S. J. Norris1, I. M. Brooks1, G. de Leeuw2,3,4, A. Sirevaag5,6, C. Leck7,8, B. J. Brooks1, C. E. Birch1, and M. Tjernström7,8 S. J. Norris et al.
  • 1School of Earth and Environment, University of Leeds, Leeds, UK
  • 2Finnish Meteorological Institute, Climate and Global Change Unit, Helsinki, Finland
  • 3University of Helsinki, Department of Physics, Helsinki, Finland
  • 4TNO, Utrecht, The Netherlands
  • 5Geophysical Institute, University of Bergen, Norway
  • 6Bjerknes Centre for Climate Research, Bergen, Norway
  • 7Department of Meteorology, Stockholm University, Sweden
  • 8Bert Bolin Centre for Climate Research, Stockholm University, Stockholm, Sweden

Abstract. The first measurements of bubble size spectra within the near-surface waters of open leads in the central Arctic pack ice were obtained during the Arctic Summer Cloud-Ocean Study (ASCOS) in August 2008 at 87–87.6° N, 1–11° W. A significant number of small bubbles (30–100 μm diameter) were present, with concentration decreasing rapidly with size from 100–560 μm; no bubbles larger than 560 μm were observed.
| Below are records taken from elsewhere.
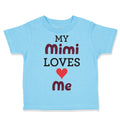 Toddler Clothes My Mimi Loves Me Grandma Grandmother Toddler Shirt Cotton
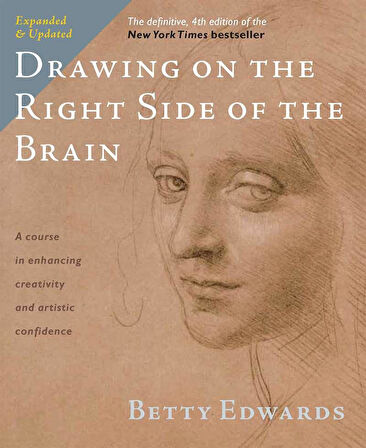 Drawing on the Right Side of the Brain - Betty Edwards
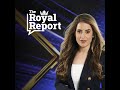 The Royal Report | 7 April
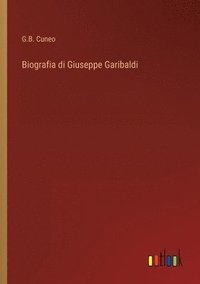 bokomslag Biografia di Giuseppe Garibaldi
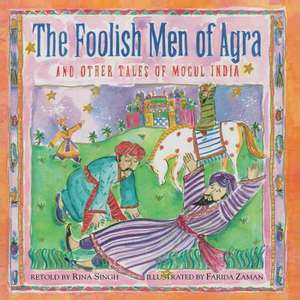 The Foolish Men of Agra de Rina Singh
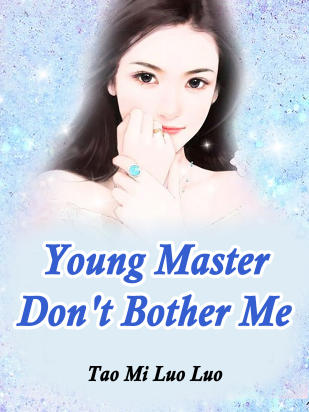 Young Master, Don't Bother Me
The bubbles were present both during periods of low wind speed (U<6 m s−1) and when ice covered the surface of the lead. The low wind and short open-water fetch precludes production of bubbles by wave breaking suggesting that the bubbles are generated by processes below the surface. When the surface water was open to the atmosphere bubble concentrations increased with increasing heat loss to the atmosphere. The presence of substantial numbers of bubbles is significant because the bursting of bubbles at the surface provides a mechanism for the generation of aerosol and the ejection of biological material from the ocean into the atmosphere. Such a transfer has previously been proposed as a potential climate feedback linking marine biology and Arctic cloud properties.